Não são, contudo, quaisquer pessoas que podem ter acesso às vias de conhecimento da arte de seus códigos. Para Bourdieu nível de instrução e prática cultural caminham juntos. Mesmo assim, a instrução só alcança com boa eficácia os indivíduos que já desfrutam em sua casa de um ambiente dedicado à prática ou à percepção da obra de arte. Em outras palavras: a aprendizagem tanto da percepção quanto a prática dependem em alto grau do domínio que o sujeito tem dos instrumentos de apropriação disponíveis ao aprendizado da mesma. Até a transmissão dos valores e dos códigos dependerá da proximidade que a família tem da cultura dominante.
Há ainda um outro aspecto: o sistema de ensino reproduzirá com maior fidelidade a estrutura de distribuição do capital cultural, quando a cultura que ela transmite estiver bem próxima da cultura dominante e quando a maneira de inculcação estiver o mais próximo possível do modelo familiar, o que está em íntima relação com a teoria das socializações primária e secundária de Berger, a qual fiz menção anteriormente.

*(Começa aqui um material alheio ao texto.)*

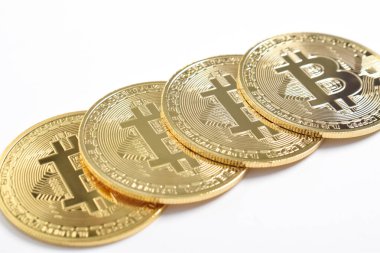 Bitcoin beyaz arka planda izole edilmiş. Kripto para birimi. Yakın çekim, Altın Bitcoin Grubu maddi altın madeni para. Kripto para biriminin sembolü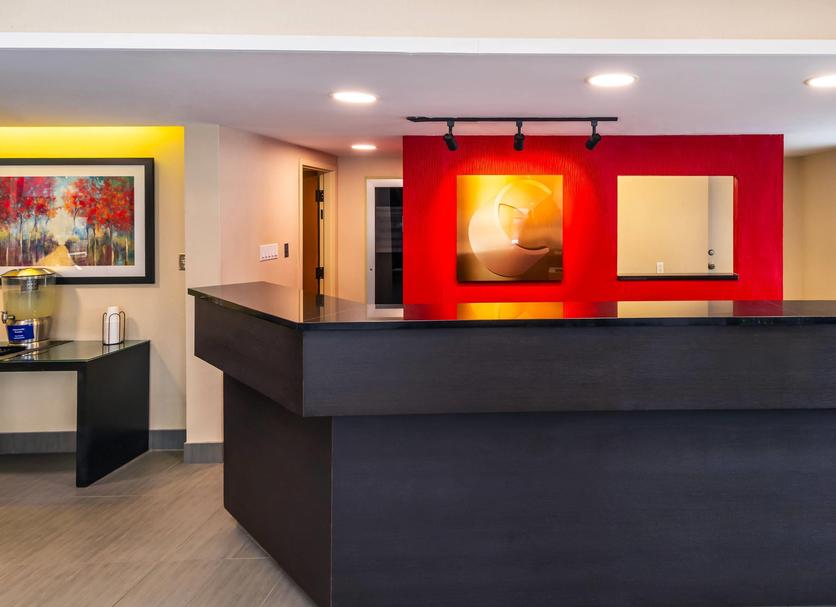 Front desk Photo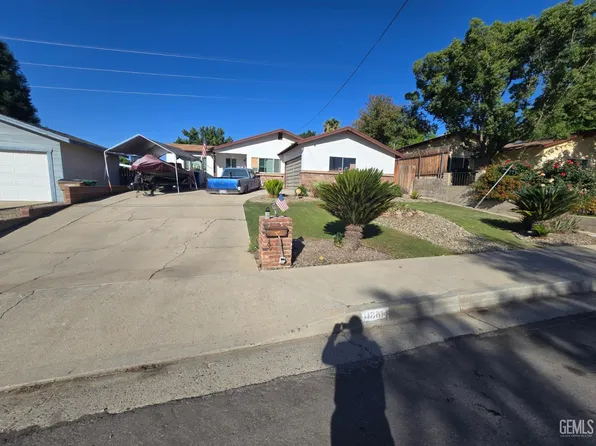 4861 Putter Ln, Bakersfield, CA 93308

Percebe-se, então, a "vantagem" que alguns têm em relação a outros. Quando o processo de aculturação utilizado se aproximar do modelo dominante a ponto de se confundir com ele, pode-se dizer que ele é o próprio sistema de aculturação. Isso ocorre freqüentemente nas camadas mais altas da sociedade, as quais trazem para si o direito exclusivo de decifração dos códigos, além de fazerem da prática de julgamento propriedade única sua entre o que é bom e o que é ruim, entre o que é erudito e popular, fazendo uso de instrumentos cada vez mais escassos nas camadas mais baixas para construir um modelo legítimo por ser cada vez mais raro e por isso mais seleto.
Um círculo vicioso está instalado, porque o capital cultural retorna à mão do capital cultural e o monopólio desses códigos significa o monopólio da cultural local.
Referências Bibliográficas:
-Adorno, T. - "O Fetichismo na Música e a regressão da Audição". In Benjamin, Adorno, Horkheimer e Habermas - Os Pensadores. São Paulo: Abril. 1980
-Berger, P. - A Construção Social da Realidade. Petrópoles. 1985.
-Bourdieu, P. - A Economia das Trocas Simbólicas (Capítulos 6 e 7). São Paulo: Perspectiva. 1992.